Le Prix ne fut pas une surprise totale. Dans les années qui ont suivi la Seconde Guerre mondiale, les dirigeants mondiaux avaient souvent évoqué la nomination de l’OIT. Le but était de reconnaître le rôle crucial de l’Organisation en temps de guerre, quand elle était l’un des rares organismes internationaux à continuer de fonctionner, ainsi que le travail entrepris pour renforcer et renouveler son mandat grâce à la Déclaration de Philadelphie de 1944 qui a recentré l’attention sur la nécessité d’une paix durable bâtie sur la justice sociale. (En effet, dans son discours, la présidente du Comité Nobel a cité le Président des Etats-Unis d’Amérique, Franklin D. Roosevelt, qui considérait que la Déclaration de Philadelphie s’inscrivait en droite ligne de la Déclaration d’indépendance des Etats-Unis).

La justice sociale n’est pas moins difficile à atteindre que l’objectif ultime de la paix dans le monde.»

David Morse, Directeur général de l'OIT
Après deux guerres mondiales, cette quête d’une paix durable a été mise en exergue par celui qui était alors Directeur général de l’OIT, David Morse, et qui s’était rendu à Oslo avec les fonctionnaires du Conseil d’administration pour recevoir le prix Nobel au nom de l’Organisation.

«L’histoire du prix Nobel de la paix est, dans une large mesure, l’histoire des efforts de l’homme tout au long de ce siècle pour établir une paix juste et durable», a-t-il déclaré en recevant le prix. Mais il a ajouté une mise en garde: «la justice sociale n’est pas moins difficile à atteindre que l’objectif ultime de la paix dans le monde.»

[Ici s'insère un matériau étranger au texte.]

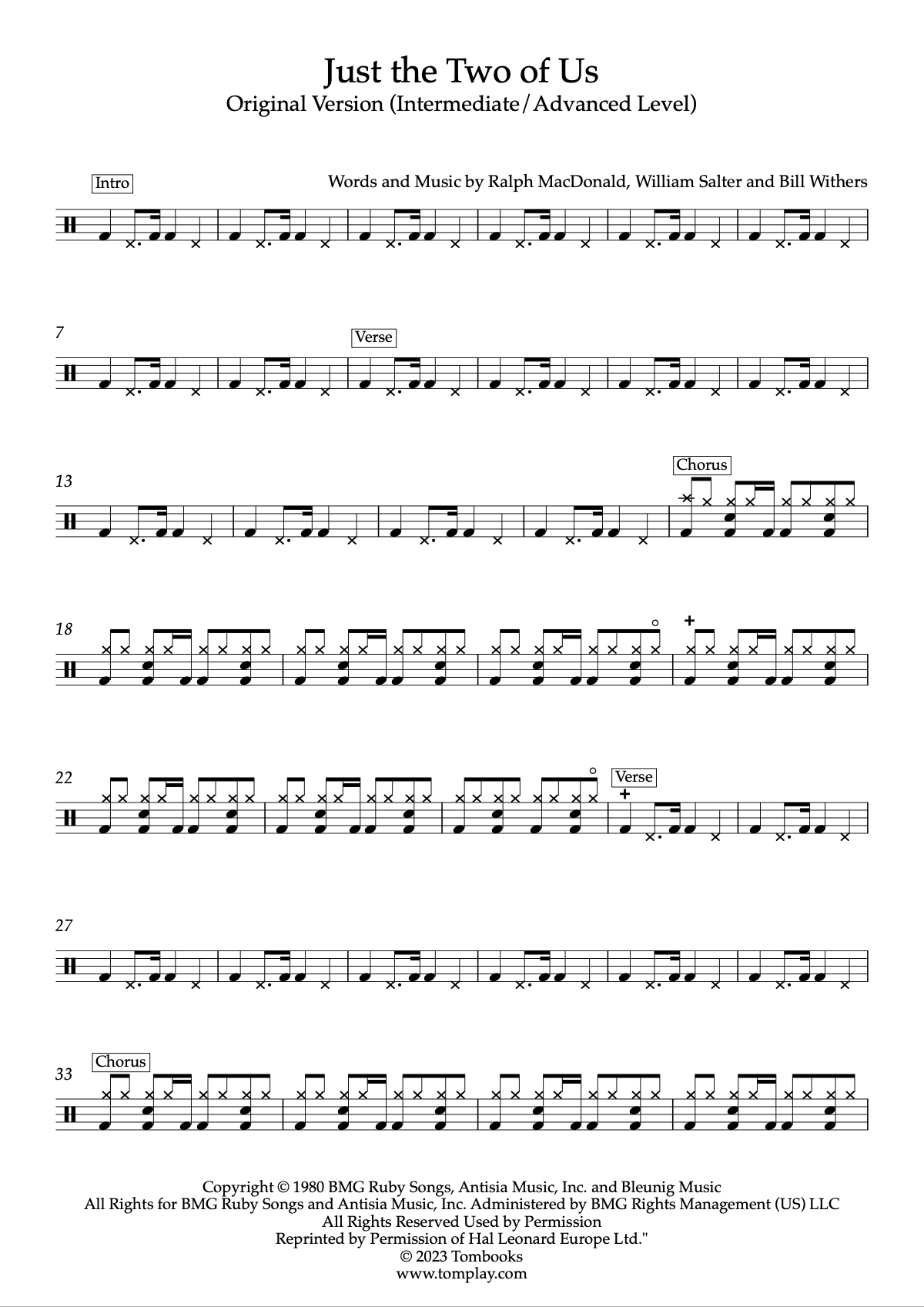 Just the Two of Us - Original Version (Intermediate/Advanced Level) (Bill  Withers) - Drums Sheet Music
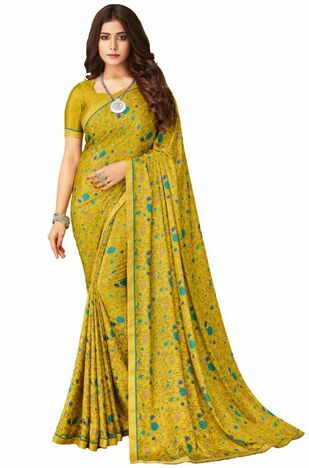 Crepe Silk Yellow Color Saree With Blouse Piece by MGC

Le 11 décembre 1969, au lendemain de la réception du prix, M. Morse a donné la conférence traditionnelle du lauréat du Nobel. A cette occasion, Il a décrit comment l’OIT avait mis à profit son mandat unique et ses cinquante premières années pour construire une «infrastructure de paix».

David Morse
«En bref, l’OIT a offert au monde une alternative à la lutte sociale; il lui a fourni des procédures et des techniques de négociation pour remplacer les conflits violents en vue d’obtenir des conditions de travail plus humaines et plus dignes.»

La conférence de M. Morse définit le rôle de l’OIT dans le progrès économique, social, politique et civil enregistré pendant son premier demi-siècle d’existence. Mais il a aussi lancé un avertissement: «La tâche et loin d’être accomplie. L’objectif de la justice sociale s’est avéré un concept évolutif.»

Avec le recul, les défis qu’il a identifiés dans son discours du Nobel il y a 50 ans révèle un degré de prescience remarquable. L’incapacité à faire bénéficier du progrès économique plus qu’une minorité de la population; le sort de ceux qui, comme les minorités, les migrants et les pauvres, vivent en marge de la prospérité; le défi de faire de la technologie un serviteur plutôt qu’un maître: en cette année de centenaire, toutes ces questions demeurent irrésolues et à l’ordre du jour de l’OIT.

Quant au prix Nobel de la paix, l’OIT continue encore aujourd’hui de bénéficier du prestige et de la reconnaissance qu’il confère. La médaille elle-même, avec sa boîte en cuir vert gaufré d’or, est présentée sur un coussin bleu dans les archives de l’OIT, à côté des originaux des trois clés d’or qui symbolisent la structure tripartite associant gouvernements, employeurs et travailleurs.

La médaille fait 6,6 cm de diamètre et 5 mm d’épaisseur. Elle est composée d’environ 200 grammes d’or 23 carats. Côté face figure un portrait d’Alfred Nobel, le fondateur millionnaire des prix, tandis qu’au verso figurent trois hommes nus s’étreignant – un symbole de la fraternisation internationale que Nobel voulait soutenir avec son prix pour la paix. Sur le pourtour, est gravée l’inscription latine Pro pace et fraternitate gentium qui se traduit par «Pour la paix et la fraternité des hommes». Elle apparaît comme le complément parfait de l’axiome de l’OIT selon lequel une paix durable exige d’abord la justice.